ASSIGNED TASK:
What should be copied is the stretch of entries below from the line with "Bandeja redonda flutuante" up to and including the line with "Polypodiaceae Campyloneurum aphanophlebium", exactly and without images.

AVAILABLE DATA:
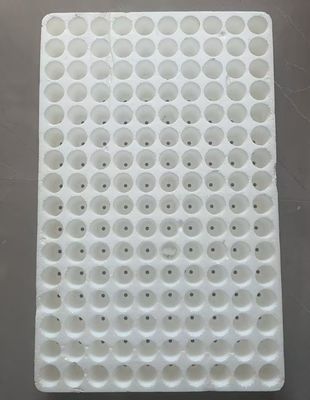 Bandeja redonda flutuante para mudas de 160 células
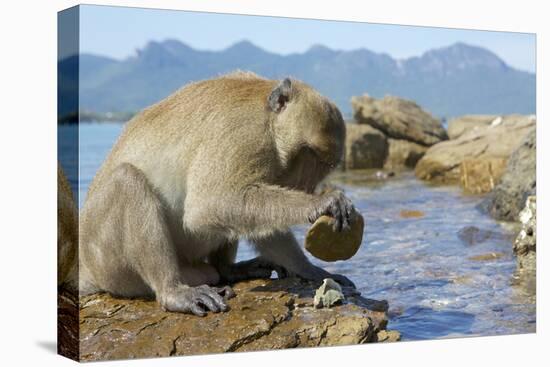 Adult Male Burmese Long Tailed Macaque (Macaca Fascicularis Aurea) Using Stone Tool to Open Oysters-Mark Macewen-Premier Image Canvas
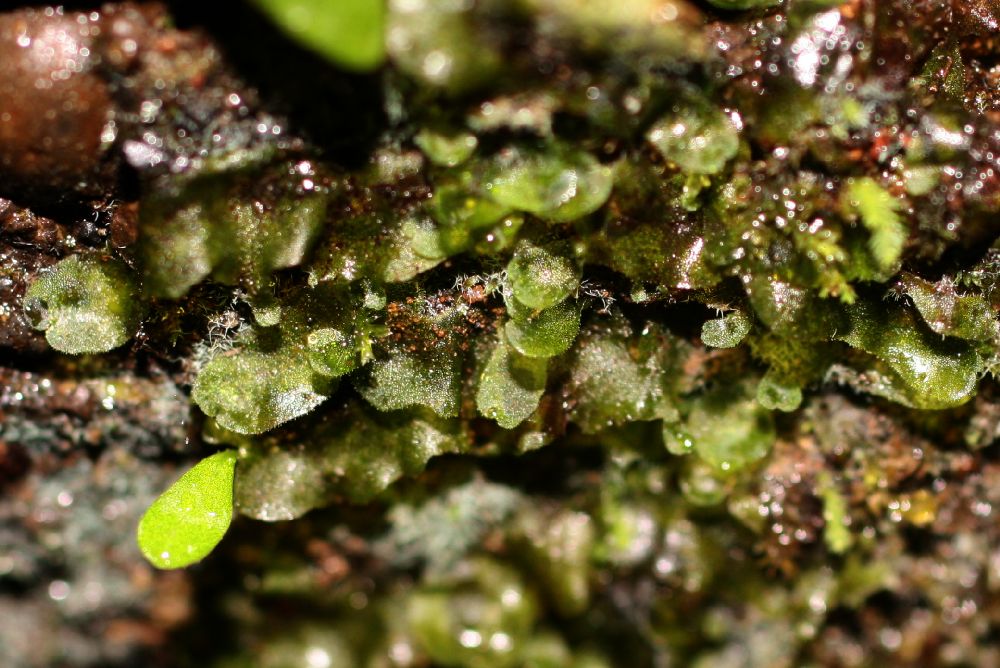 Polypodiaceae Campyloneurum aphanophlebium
--
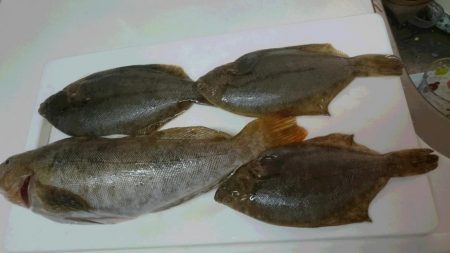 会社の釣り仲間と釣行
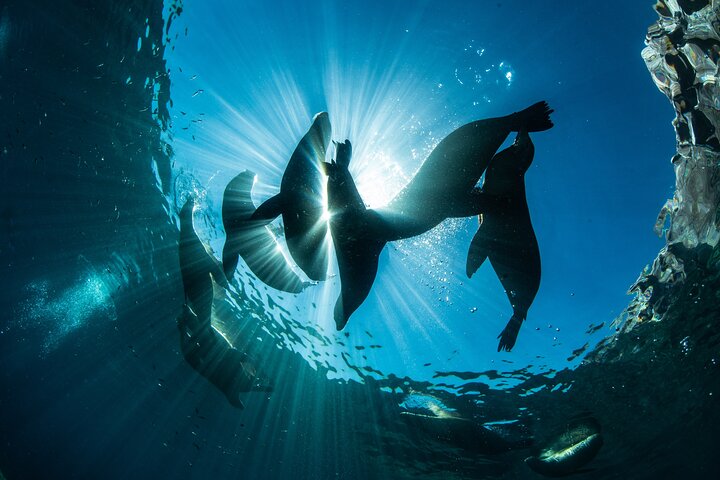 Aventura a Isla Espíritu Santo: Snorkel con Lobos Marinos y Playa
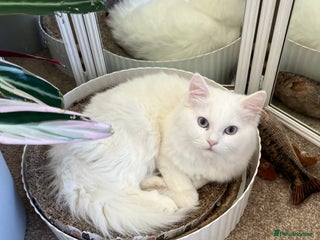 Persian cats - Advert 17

ANSWER TO THE EXERCISE:
 Bandeja redonda flutuante para mudas de 160 células
 Adult Male Burmese Long Tailed Macaque (Macaca Fascicularis Aurea) Using Stone Tool to Open Oysters-Mark Macewen-Premier Image Canvas
 Polypodiaceae Campyloneurum aphanophlebium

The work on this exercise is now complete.